I, however, am not scared to be a loser. Last year, Target had cardboard bricks in their dollar spot. I should have bought 100 packages. Instead I bought one for one of the greatest two-year olds I know. I gave it as part of a family thank-you gift for hosting me for the weekend. This little girl has more toys than I have ever seen, and as a credit to her amazing parents, most of them are open-ended. So she was ahead of the game in terms of knowing she had options for what to do with the bricks. She did not look at them expectantly as if they should suddenly sprout video screens. Instead, she picked them up and began to build with them. What did she build? That's the beauty of the open-ended gift. It could have been anything. And we wouldn't know what it was unless we asked her. (Apparently she built a fort.)

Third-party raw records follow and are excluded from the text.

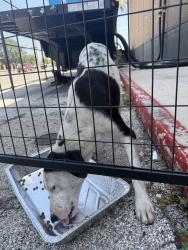 Found/Stray Unknown Dog last seen JCPenney Southpark, San Antonio, TX 78224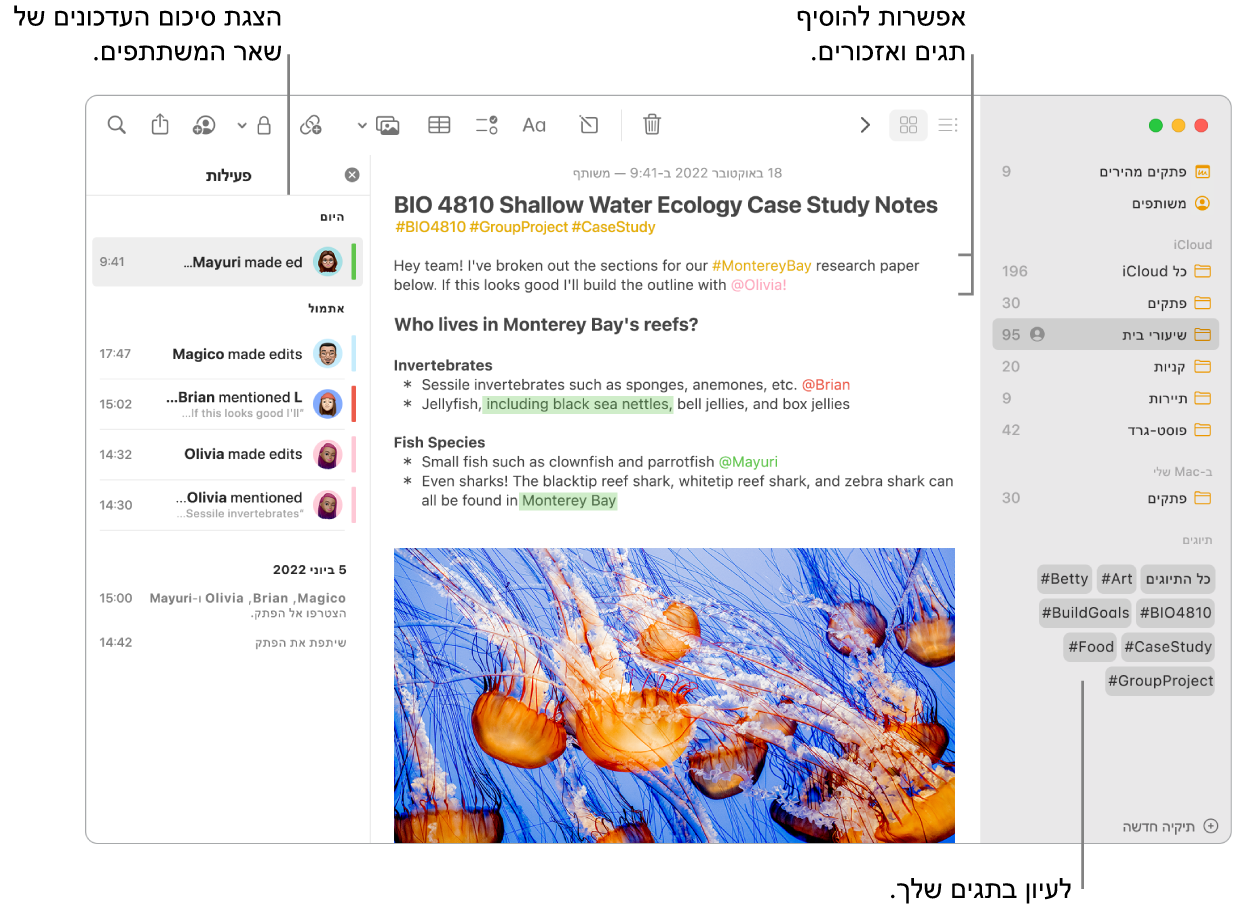 חלון ״פתקים״ בתצוגת ״גלריה״ עם הסבר לתגים בסרגל הצד. בפתק הראשי רואים הסבר לתג ולאזכור. בצד של החלון רואים רשימת פעילויות עם סימון המזמין לצפות בסיכום של העדכונים.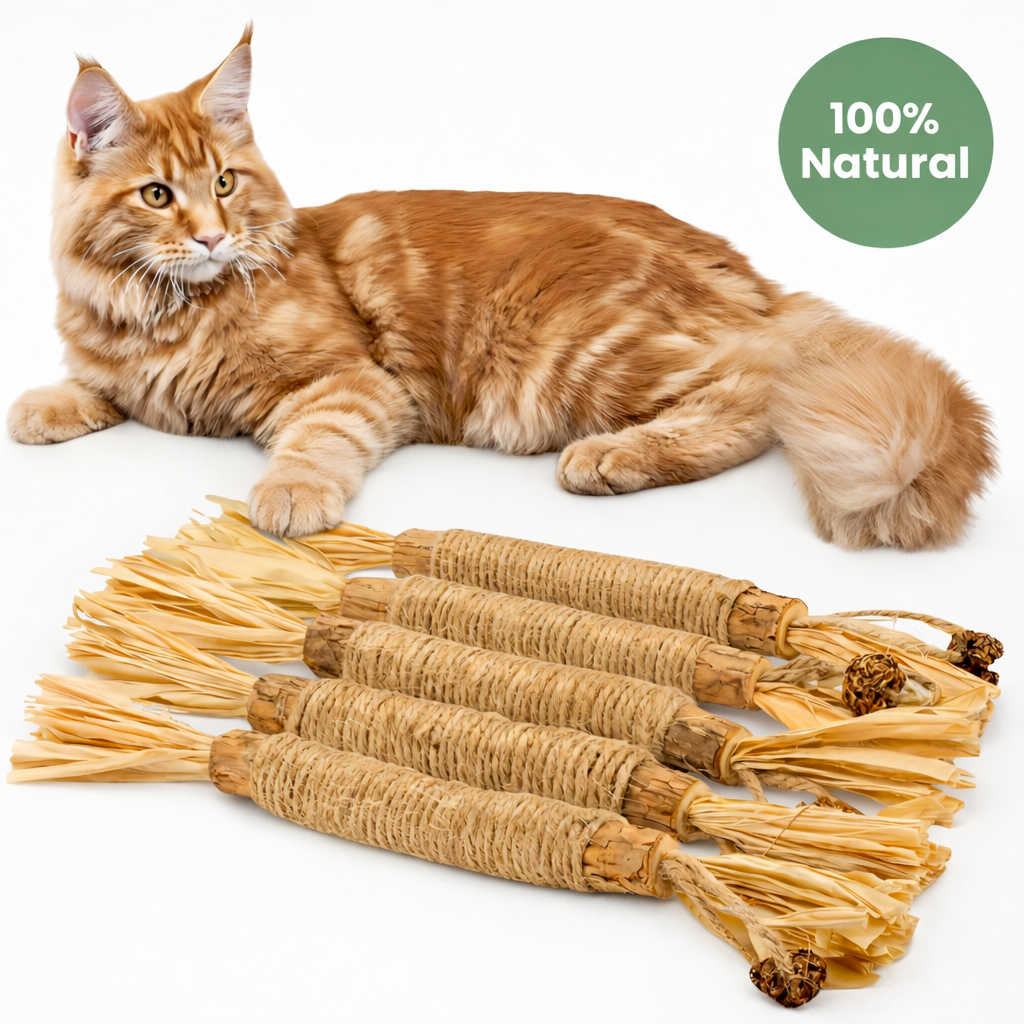 MichiCare™ Palitos Dentales Naturales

On a related note, I went to the Indianapolis Children's Museum this weekend, which is the museum I grew up adoring as a child. It is the largest children's museum in the world. (Which is a little bit relative, as most other countries do not have children's museums at all. When I was in France last summer explaining my job, everyone was like, you work for a museum that has exhibits of children? It doesn't translate well.) And in every educational aspect within the exhibits, the ICM is right on point. The gift shop however, is another story.

The gift shop offered Legos. I LOVE Legos. As a child I would play with Legos for so many consecutive hours that the tips of my fingers would go numb from pressing the knobby tops together. I was constantly running short on wheels and doors, but I still managed to make an entire transit system. So when I saw Legos at ICM, I thought, "They must have cool Lego pieces here."

Instead, I found this many Lego sets based on movies, TV shows and pre-existing ideas:



This represents one fourth of the case, btw.




Super fancy Legos deserve black packaging.


Not sure why Star Wars is such a big deal here.





I found this many plain Legos:



Twelve buckets. I found twelve buckets of regular, open-ended Legos. AND those buckets were color-coded to be gender specific. Lego, you disappoint me.

If I ever have a daughter, I will buy her the blue bucket. Because f*** you, Lego. Stop telling us what to build. You are no fun at all.